From the World Health Organization down to the Federation of State Medical Boards, telemedicine’s wide ranging pre-pandemic benefits and goals were uniformly acknowledged and extoled. Telemedicine overcomes geographical barriers, increases clinical support, improves health outcomes, reduces healthcare costs, encourages patient input, reduces travel and fosters continuity of care. See World Health Org., Telemedicine Opportunities and Developments in Member States (2010); Model Policy For The Appropriate Use Of Telemedicine Technologies In The Practice Of Medicine Report of the State Medical Boards’ Appropriate Regulation of Telemedicine (SMART) Workgroup (April 2014); Telehealth Policy Trends and Considerations, National Conference of State Legislatures (2015).

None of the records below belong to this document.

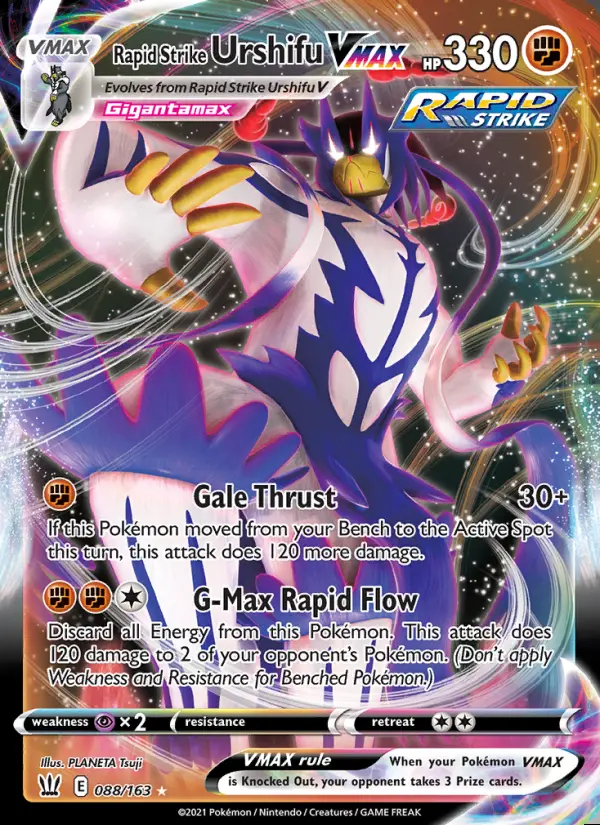 Image of the card Rapid Strike Urshifu VMAX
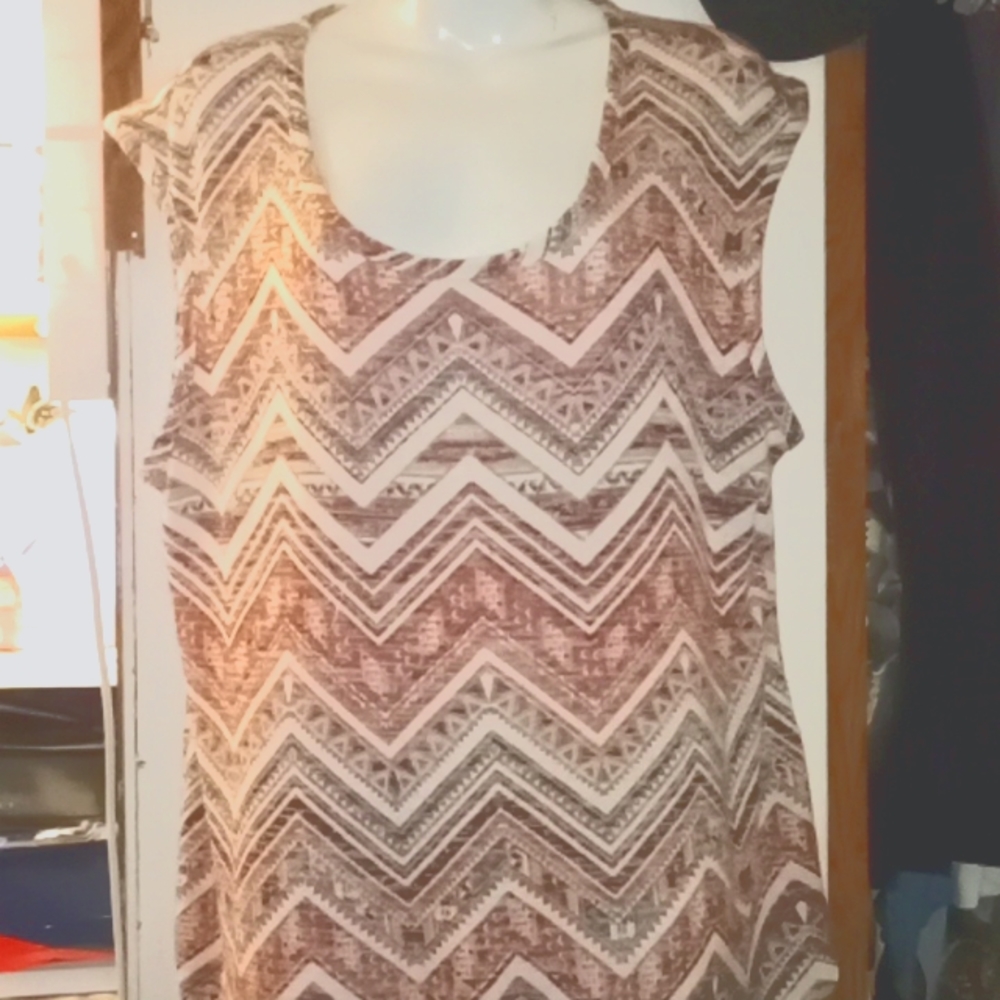 Almost Famous plus size asymmetrical tank top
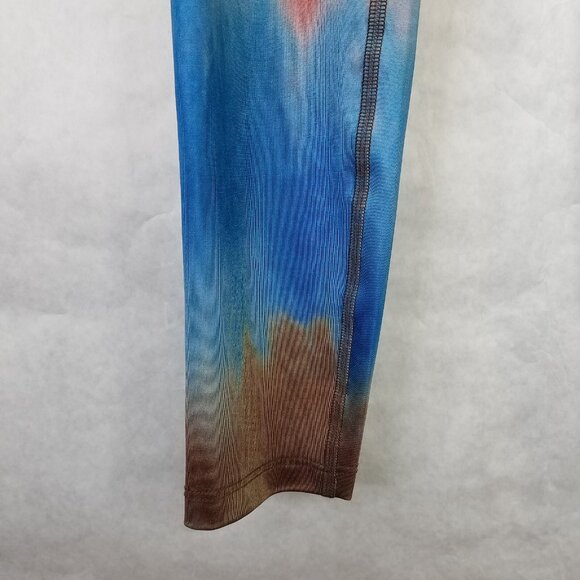 Beyond Yoga 7/8 Leggings Women's S Multi Color Red Blue Stripe Lux High Waisted - Picture 3 of 14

As one commentator so aptly put it: “[A]t least for certain medical needs, telemedicine could achieve a previously unthinkable logistical achievement in healthcare: obtaining the right medical attention at the right time, in the right place, at the right price.” King, Michael W., Esquire, Telemedicine: Game Changer or Costly Gimmick?, 95 Den. L. Rev. 289, 299-300 (2018).

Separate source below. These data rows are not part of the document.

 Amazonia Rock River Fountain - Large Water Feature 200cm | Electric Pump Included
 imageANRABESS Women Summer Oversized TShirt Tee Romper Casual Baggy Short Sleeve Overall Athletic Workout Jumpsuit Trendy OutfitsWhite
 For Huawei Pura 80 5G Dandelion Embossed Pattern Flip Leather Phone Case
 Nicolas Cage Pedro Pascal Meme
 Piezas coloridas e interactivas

The pandemic, which has significantly limited the ability of providers to see patients in-person, only underscores the benefits of telemedicine. As the world continues to become more and more connected, the need to safely and efficiently gather massive amounts of medical information via telemedicine, in order to hopefully stave off and control future pandemics, will only grow.
Telemedicine’s goals are too worthy and its benefits are too great to run the risk that the in-person standard of care will have a chilling effect on its progress. Healthcare providers may be reluctant to practice telemedicine under a standard of care that ignores the circumstances under which the care was rendered.
In light of the expansion of telemedicine nationwide, states should adopt the “reasonable professional under the circumstances” standard that has applied to physicians and other healthcare professionals for decades. This standard has served the medical community and public well and should not be altered by legislation, particularly when doing so may present an obstacle to patient health. The traditional barriers to telemedicine — technology, capital and patient acceptance — have all been toppled by the pandemic. The in-person telemedicine standard of care, however, remains a significant barrier. Eliminating this legal fiction will further encourage the use of telemedicine to improve overall population health.